● **Data supplied**
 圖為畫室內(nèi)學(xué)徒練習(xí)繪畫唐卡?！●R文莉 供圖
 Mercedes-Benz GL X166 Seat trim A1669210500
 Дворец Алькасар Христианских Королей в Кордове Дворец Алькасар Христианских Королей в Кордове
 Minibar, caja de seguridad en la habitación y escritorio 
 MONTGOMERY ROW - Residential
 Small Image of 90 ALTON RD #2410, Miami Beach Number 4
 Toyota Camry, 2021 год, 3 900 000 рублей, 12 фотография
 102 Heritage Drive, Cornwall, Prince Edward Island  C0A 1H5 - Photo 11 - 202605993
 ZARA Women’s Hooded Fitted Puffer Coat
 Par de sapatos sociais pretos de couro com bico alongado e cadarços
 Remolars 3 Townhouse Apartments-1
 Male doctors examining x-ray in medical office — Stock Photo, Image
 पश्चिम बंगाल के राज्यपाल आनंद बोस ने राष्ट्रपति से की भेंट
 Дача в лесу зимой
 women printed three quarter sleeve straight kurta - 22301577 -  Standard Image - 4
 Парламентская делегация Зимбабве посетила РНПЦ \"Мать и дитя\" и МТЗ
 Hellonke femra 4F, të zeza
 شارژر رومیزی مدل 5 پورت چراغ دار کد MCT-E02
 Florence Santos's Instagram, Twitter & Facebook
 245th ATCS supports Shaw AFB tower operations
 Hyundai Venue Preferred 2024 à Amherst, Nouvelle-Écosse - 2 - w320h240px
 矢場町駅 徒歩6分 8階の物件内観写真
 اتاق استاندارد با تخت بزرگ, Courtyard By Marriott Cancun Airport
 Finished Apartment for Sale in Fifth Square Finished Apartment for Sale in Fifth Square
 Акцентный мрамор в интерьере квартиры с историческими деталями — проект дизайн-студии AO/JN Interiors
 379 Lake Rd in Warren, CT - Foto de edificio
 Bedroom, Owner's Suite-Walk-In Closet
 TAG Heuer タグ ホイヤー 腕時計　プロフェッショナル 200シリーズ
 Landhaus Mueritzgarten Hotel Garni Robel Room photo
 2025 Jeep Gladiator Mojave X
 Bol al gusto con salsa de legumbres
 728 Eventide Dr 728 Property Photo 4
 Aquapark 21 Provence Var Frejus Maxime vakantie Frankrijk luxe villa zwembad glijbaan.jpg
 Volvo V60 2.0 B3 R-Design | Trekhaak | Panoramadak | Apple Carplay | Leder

● **Instructions for the task**
Each line of the entries above that includes the string "Image" should be copied out.

● **Your solution**
 Small Image of 90 ALTON RD #2410, Miami Beach Number 4
 Male doctors examining x-ray in medical office — Stock Photo, Image
 women printed three quarter sleeve straight kurta - 22301577 -  Standard Image - 4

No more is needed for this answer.